ACTIVITY -
From the first line to the last, return the data exactly, with no pictures.

** Opening DATA PROVIDED block **

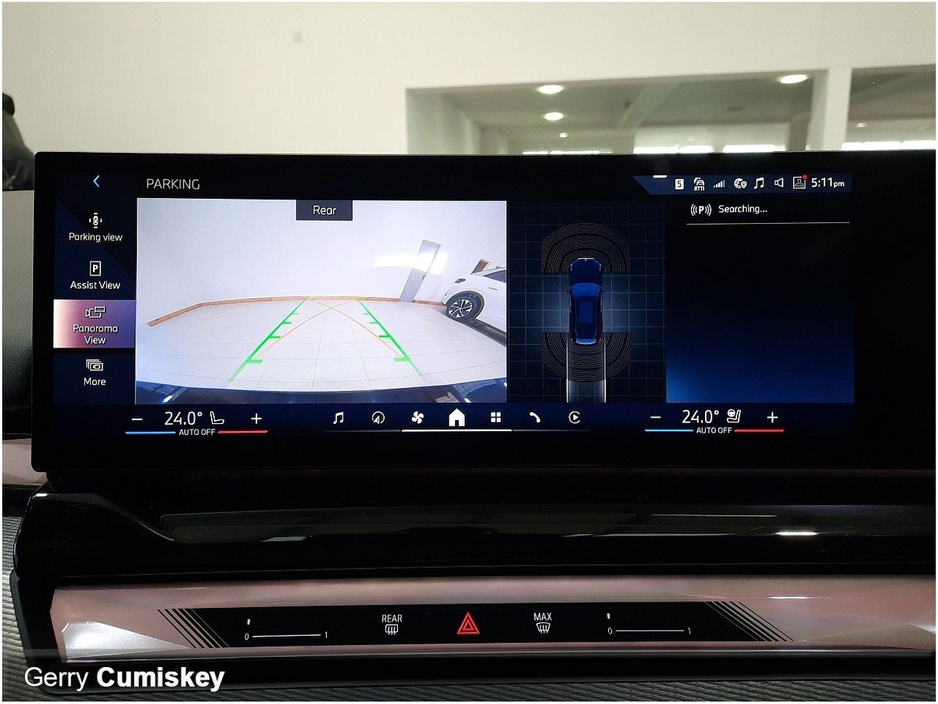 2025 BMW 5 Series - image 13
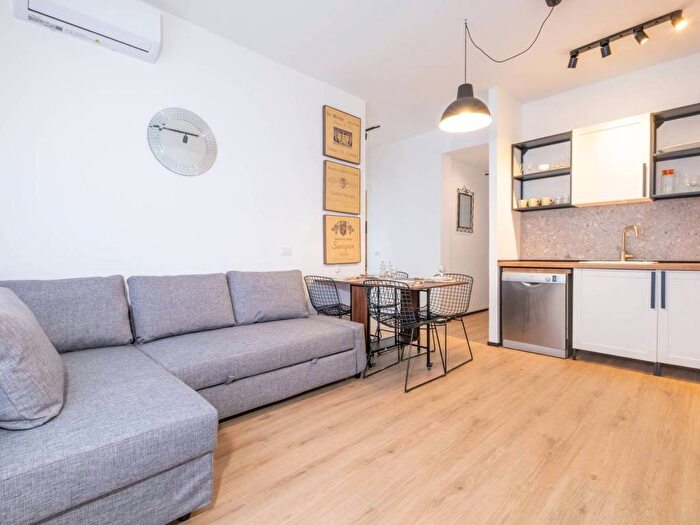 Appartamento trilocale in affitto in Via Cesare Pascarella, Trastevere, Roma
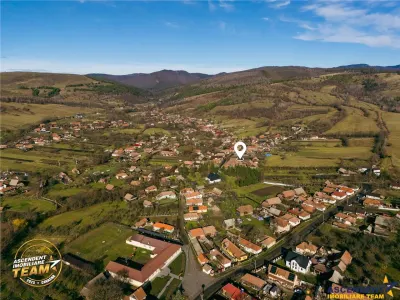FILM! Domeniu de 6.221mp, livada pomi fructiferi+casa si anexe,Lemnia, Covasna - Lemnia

** Closing DATA PROVIDED block **

OUTPUT OF THE TASK -
 2025 BMW 5 Series - image 13
 Appartamento trilocale in affitto in Via Cesare Pascarella, Trastevere, Roma
FILM! Domeniu de 6.221mp, livada pomi fructiferi+casa si anexe,Lemnia, Covasna - Lemnia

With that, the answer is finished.